#### Task inputs

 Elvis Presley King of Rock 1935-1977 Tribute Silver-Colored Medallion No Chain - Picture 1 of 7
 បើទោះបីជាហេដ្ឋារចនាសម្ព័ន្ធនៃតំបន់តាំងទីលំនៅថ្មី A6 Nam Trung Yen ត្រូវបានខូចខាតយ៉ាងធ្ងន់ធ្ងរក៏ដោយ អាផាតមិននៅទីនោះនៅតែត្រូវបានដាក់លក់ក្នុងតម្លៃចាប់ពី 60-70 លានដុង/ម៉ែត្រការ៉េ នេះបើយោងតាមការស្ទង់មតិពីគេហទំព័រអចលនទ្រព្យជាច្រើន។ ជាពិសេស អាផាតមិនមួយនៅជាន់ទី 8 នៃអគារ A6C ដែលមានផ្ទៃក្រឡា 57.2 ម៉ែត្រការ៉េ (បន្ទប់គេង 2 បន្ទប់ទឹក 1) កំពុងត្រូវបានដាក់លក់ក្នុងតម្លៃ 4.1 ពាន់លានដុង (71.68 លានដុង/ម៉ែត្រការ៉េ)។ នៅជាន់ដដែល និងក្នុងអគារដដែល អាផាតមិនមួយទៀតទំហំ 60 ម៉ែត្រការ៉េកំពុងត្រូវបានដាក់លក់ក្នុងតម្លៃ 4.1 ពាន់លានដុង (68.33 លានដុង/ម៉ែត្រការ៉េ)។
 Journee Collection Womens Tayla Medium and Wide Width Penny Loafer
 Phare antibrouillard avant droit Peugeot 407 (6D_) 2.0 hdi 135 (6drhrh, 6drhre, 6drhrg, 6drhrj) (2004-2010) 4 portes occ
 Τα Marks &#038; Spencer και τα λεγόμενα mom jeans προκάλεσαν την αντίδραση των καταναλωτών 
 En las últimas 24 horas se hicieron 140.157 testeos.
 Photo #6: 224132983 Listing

########
#### Task inputs

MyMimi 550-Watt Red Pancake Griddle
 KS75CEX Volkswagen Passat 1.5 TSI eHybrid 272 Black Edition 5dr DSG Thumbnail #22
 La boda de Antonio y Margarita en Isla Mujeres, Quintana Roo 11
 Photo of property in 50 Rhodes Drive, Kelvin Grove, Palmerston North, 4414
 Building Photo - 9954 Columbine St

########

▶ _Problem details_:
What are the lines, exactly as written above, from the line with "Elvis Presley King" to the line with "Journee Collection Womens", both included? Output only those.

▶ _Answer to this problem_:
 Elvis Presley King of Rock 1935-1977 Tribute Silver-Colored Medallion No Chain - Picture 1 of 7
 បើទោះបីជាហេដ្ឋារចនាសម្ព័ន្ធនៃតំបន់តាំងទីលំនៅថ្មី A6 Nam Trung Yen ត្រូវបានខូចខាតយ៉ាងធ្ងន់ធ្ងរក៏ដោយ អាផាតមិននៅទីនោះនៅតែត្រូវបានដាក់លក់ក្នុងតម្លៃចាប់ពី 60-70 លានដុង/ម៉ែត្រការ៉េ នេះបើយោងតាមការស្ទង់មតិពីគេហទំព័រអចលនទ្រព្យជាច្រើន។ ជាពិសេស អាផាតមិនមួយនៅជាន់ទី 8 នៃអគារ A6C ដែលមានផ្ទៃក្រឡា 57.2 ម៉ែត្រការ៉េ (បន្ទប់គេង 2 បន្ទប់ទឹក 1) កំពុងត្រូវបានដាក់លក់ក្នុងតម្លៃ 4.1 ពាន់លានដុង (71.68 លានដុង/ម៉ែត្រការ៉េ)។ នៅជាន់ដដែល និងក្នុងអគារដដែល អាផាតមិនមួយទៀតទំហំ 60 ម៉ែត្រការ៉េកំពុងត្រូវបានដាក់លក់ក្នុងតម្លៃ 4.1 ពាន់លានដុង (68.33 លានដុង/ម៉ែត្រការ៉េ)។
 Journee Collection Womens Tayla Medium and Wide Width Penny Loafer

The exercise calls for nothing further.